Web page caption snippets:

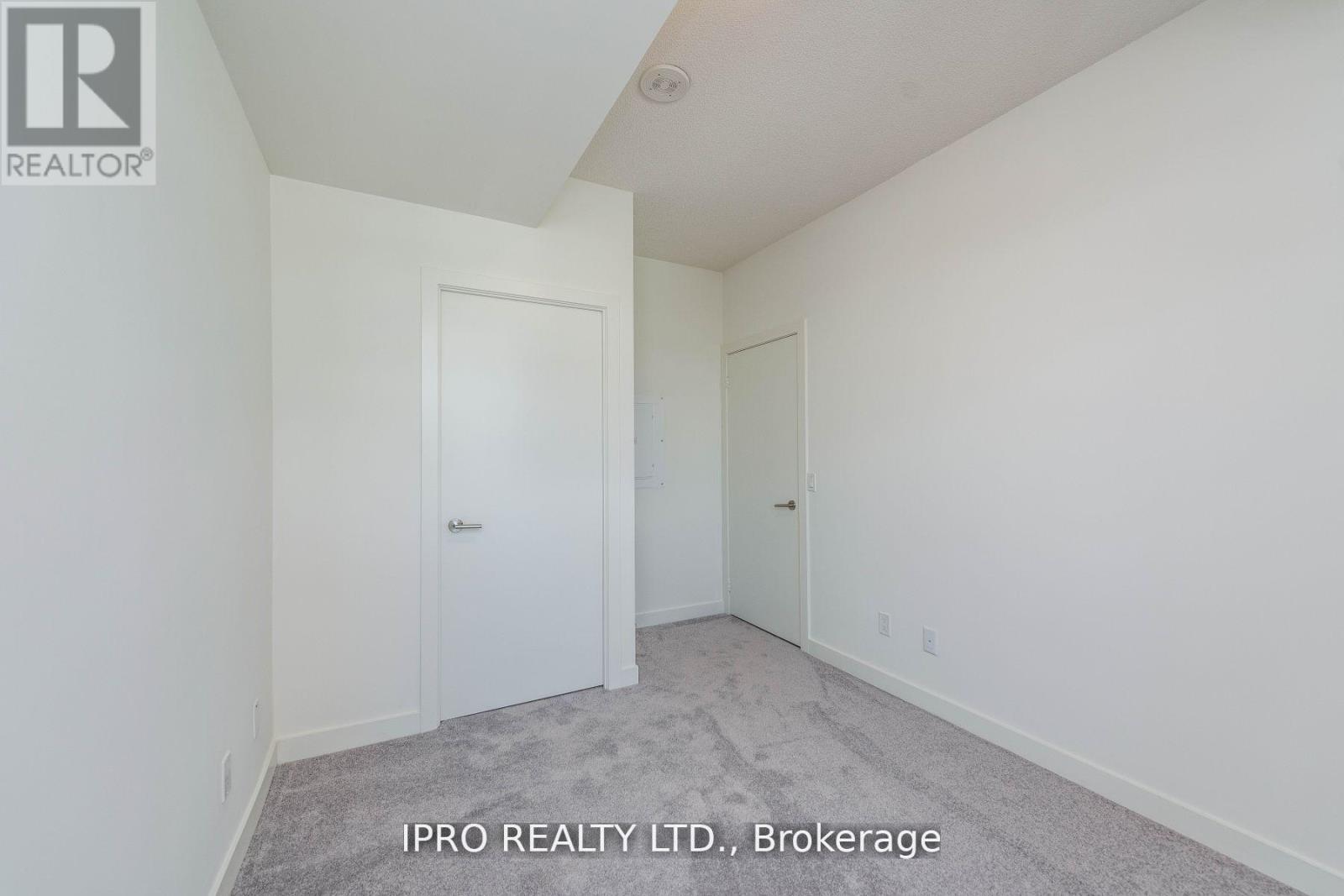 












204 - 10 WILBY CRESCENT

,
Toronto (Weston),




Ontario
M9N1E5

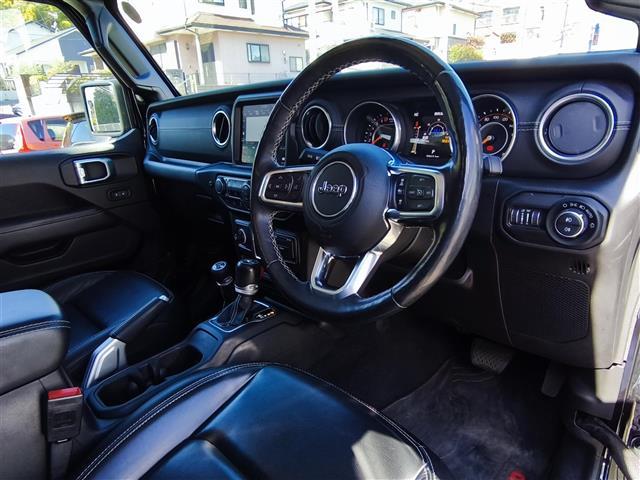 ジープ・ラングラーアンリミテッド サハラ 純正ナビ/バックカメラ/ALPINEスピーカ/アダプティブクルーズコントロール/革シート/シートヒーター/革巻きステアリング/ステアリングスイッチ/LEDオートライト/コーナーセンサー/ETC/BT(13枚目)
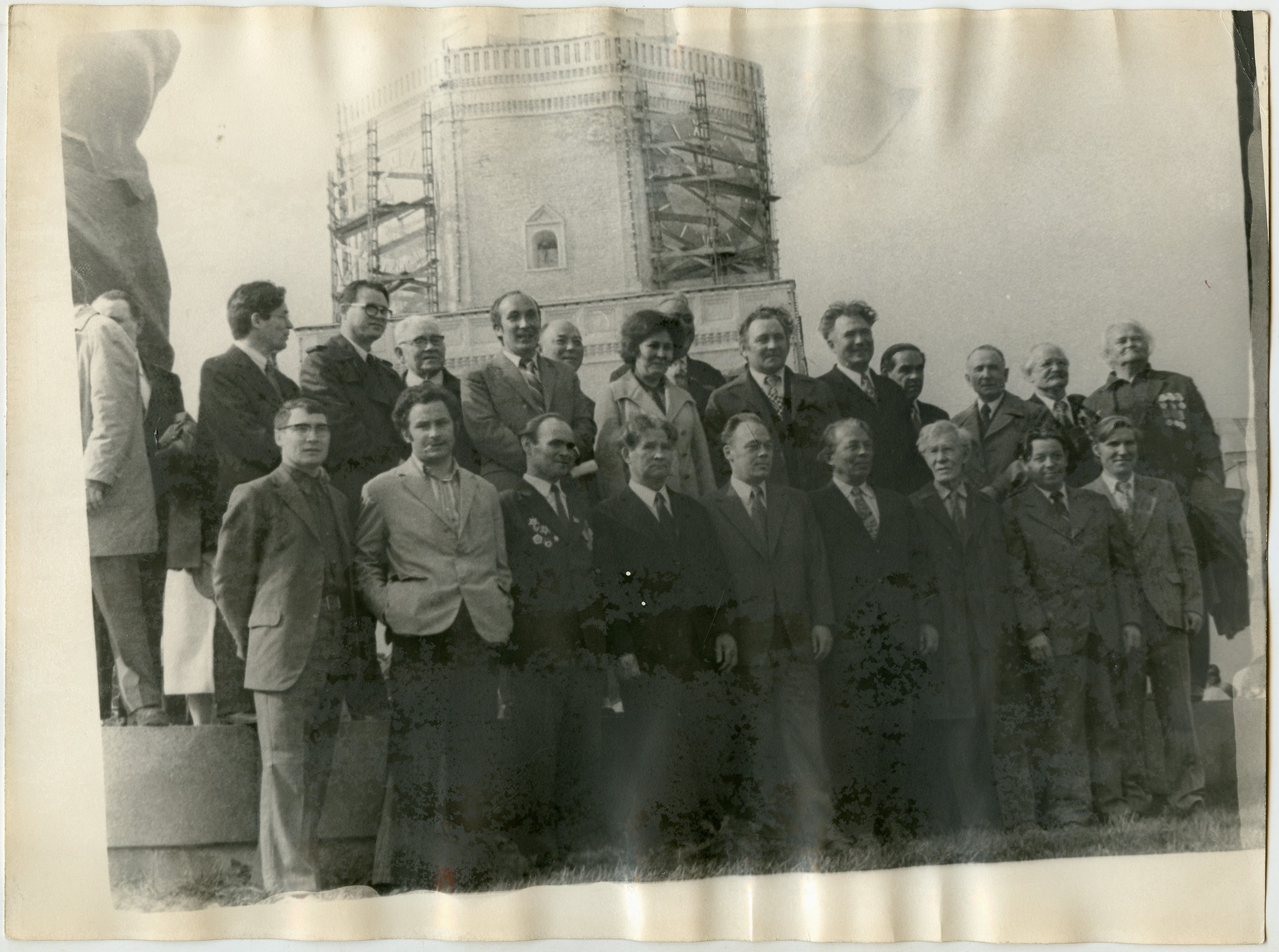 Татарские писатели у Спасской башни Казанского Кремля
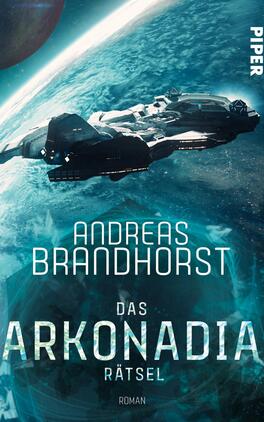 Das Buchcover zeigt ein futuristisches Raumschiff, das über einen blauen Planeten schwebt. Der Hintergrund ist von einem tiefen Weltraumblau und leuchtenden Sternen geprägt, was eine geheimnisvolle Atmosphäre vermittelt. Die Schriftzüge sind in einer klaren, modernen Typografie gehalten: „ANDREAS BRANDHORST“ steht prominent oben, während der Titel „DAS ARKONADIA RÄTSEL“ in großer, auffälliger Schrift darunter platziert ist. Am unteren Rand befindet sich der Hinweis „ROMAN“.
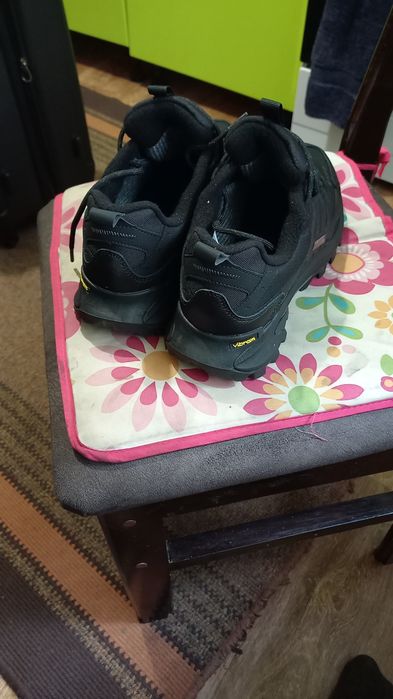 кроссовки  MERRELL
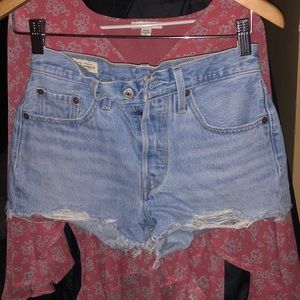 501 Levi shorts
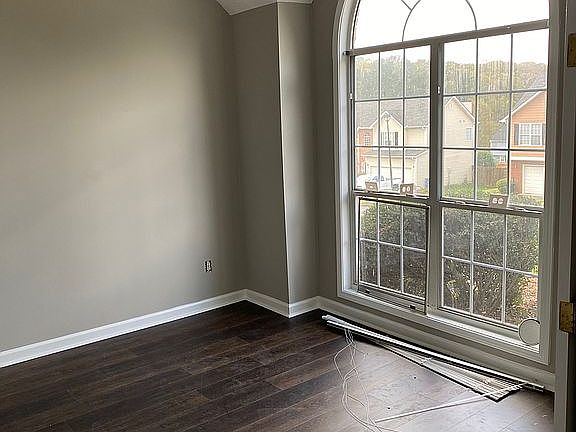 3rd image of 815 Whitecrest Ct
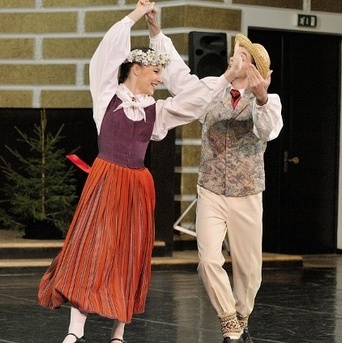 Dzied un dejo Dancis -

- YOUR INSTRUCTIONS -
Return verbatim every line from the one holding "3rd image of 815 Whitecrest Ct" to the end of the records above. Do not copy the pictures.

- RESPONSE TO THE TASK -
 3rd image of 815 Whitecrest Ct
 Dzied un dejo Dancis -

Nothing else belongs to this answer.